Low emissions to drive global high-speed rail growth

by James Wilkinson

Growing awareness of rail travel’s environmental benefits – combined with increasing competition and product innovation – will ensure that in 2023 high-speed rail journeys play a bigger role in Australian travel itineraries than ever before, claims Oceania’s fastest-growing rail specialist, Rail Online.

Rail Online CEO, James Dunne, said the company – which celebrates its first full year of operation this week – is forecasting bullish growth over the next 12 months as the steady re-introduction of long-haul air capacity drives airfares prices down and releases pent-up demand for travel to Europe and North America.

“Rail will be a major beneficiary as Australian travellers move beyond VFR travel and once again pursue bucket-list destinations across Europe and North America,” he said.

“An awareness of the convenience and cost savings rail journeys offer will drive bookings, but there are other factors at play.

“Most importantly, Australian travellers are becoming increasingly aware that rail travel generates just a fraction of the carbon emissions of air travel.

“This is already major issue in Europe, where more countries are expected to follow the lead of the French government and ban short-haul domestic flights.”

Dunne said a desire to meet ambitious climate targets recently led the European Union to announce plans to double high-speed rail use by 2030 and triple current levels by 2050.

“More than 130 transport infrastructure projects – including major rail initiatives – have already been selected for EU grants totalling in excess of EUR5.4 billion,” he said.

“One project will see the Czech Republic introduce new 350 km/h rail lines that will dramatically cut travel times between Prague and cities across Austria, Slovakia, Poland and Germany.

“Another major rail infrastructure project, the Fehmarn Belt tunnel, will create an undersea link between Denmark and Germany, reducing an hour-long ferry voyage to a seven-minute high-speed journey,” Dunne said.

Rail Online General Manager Australia and New Zealand, Kirsty Blows, said operators on both sides of the Atlantic are also investing heavily in fleet upgrades and network expansions.

“In North America, for example, Amtrak’s fleet of more than 300 trains now includes 20 Acela high-speed trainsets, which reach speeds of up to 240 km/h,” she said.

“And in Europe we are seeing the introduction of luxurious sleeper services and the extension of popular services, including Eurostar, which now operates a London-Rotterdam-Amsterdam service five times a day.”

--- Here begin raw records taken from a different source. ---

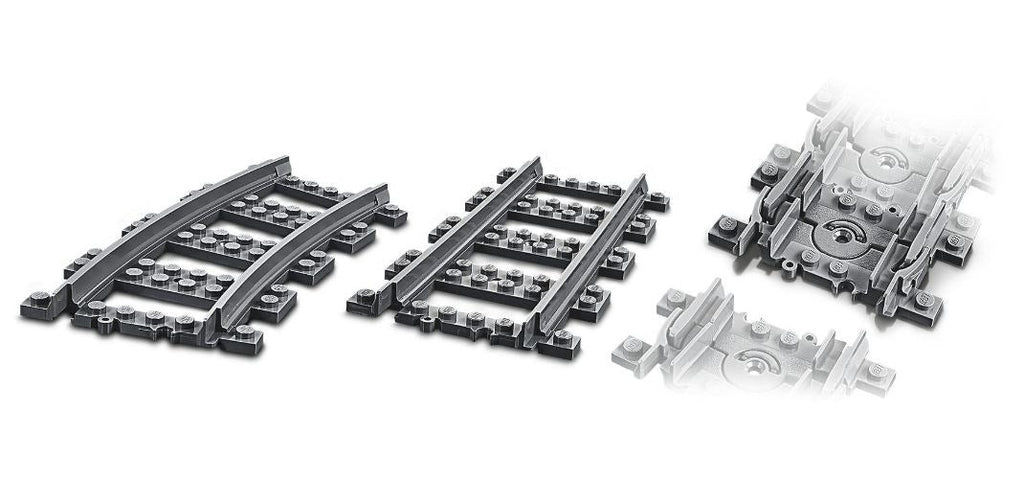 LEGO | Train Track Set 60205 - Rails And Curves | For LEGO City Trains | Gray Track Pieces afbeelding 6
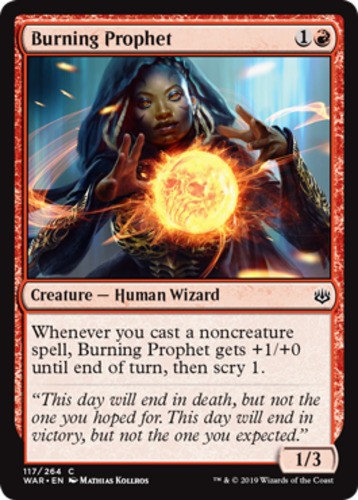 Burning Prophet - War Of The Spark - English - NM - MTG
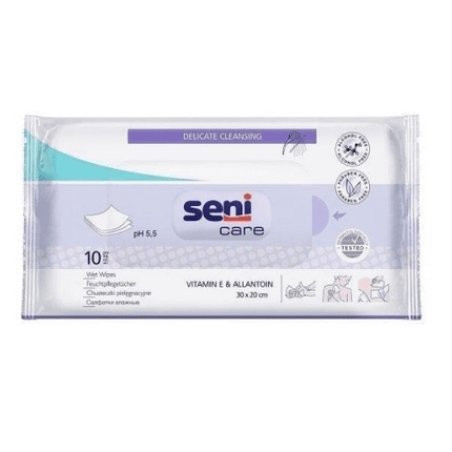 Seni Care Moisturizing Wipes - 10-Pack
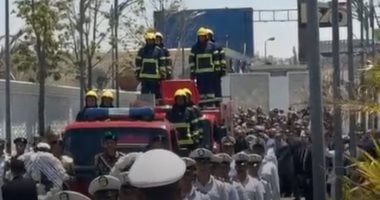 تشييع جنازة اللواء الدكتور محمد الشربينى بمسجد الشرطة.. صور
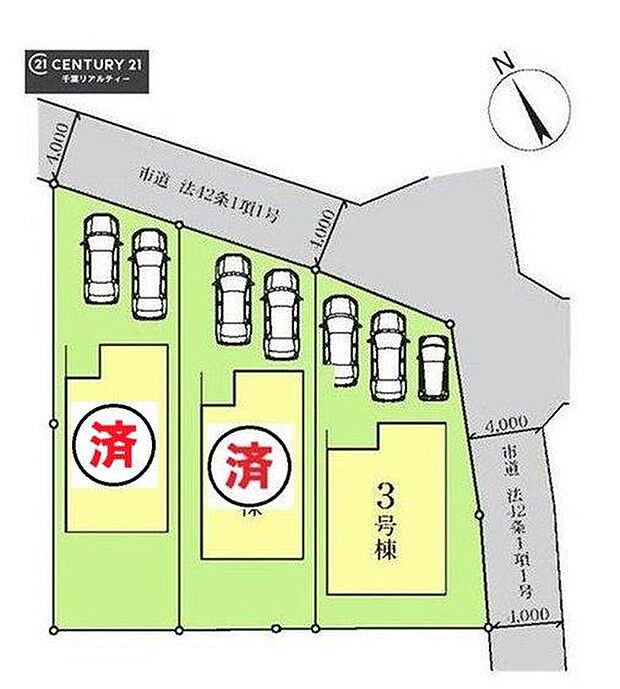 カースペースは2台付き!セカンドカー持ちの方や急な来客時にも安心ですね。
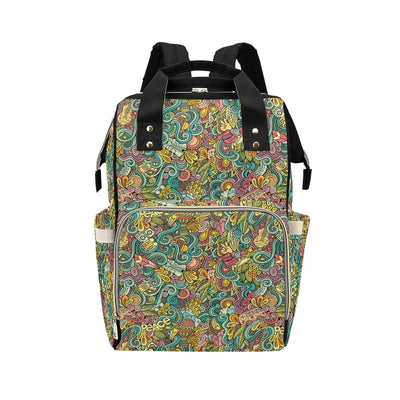 Hippie Print Design LKS302 Diaper Bag Backpack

Blows said the EU has also moved to remove barriers to competition between national passenger rail systems, opening the door, for instance, to Trenitalia launching a high-speed service between Milan and Paris, competing directly with France’s National Railway Company (SNCF).

“This year we expect to see Spain’s state-owned rail network Renfe extend its high-speed AVE services into France,” she said.

“In addition, in 2024 France and Germany will launch a new TGV service between Paris and Berlin, while Trenitalia is scheduled to unveil a new Frecciarossa service between Paris and Madrid (via Barcelona).

“There has never been a more exciting time for the high-speed rail sector and Rail Online is well positioned to fulfil its goal of becoming the world’s most valued and frequently used travel app for rail transport,” Blows said.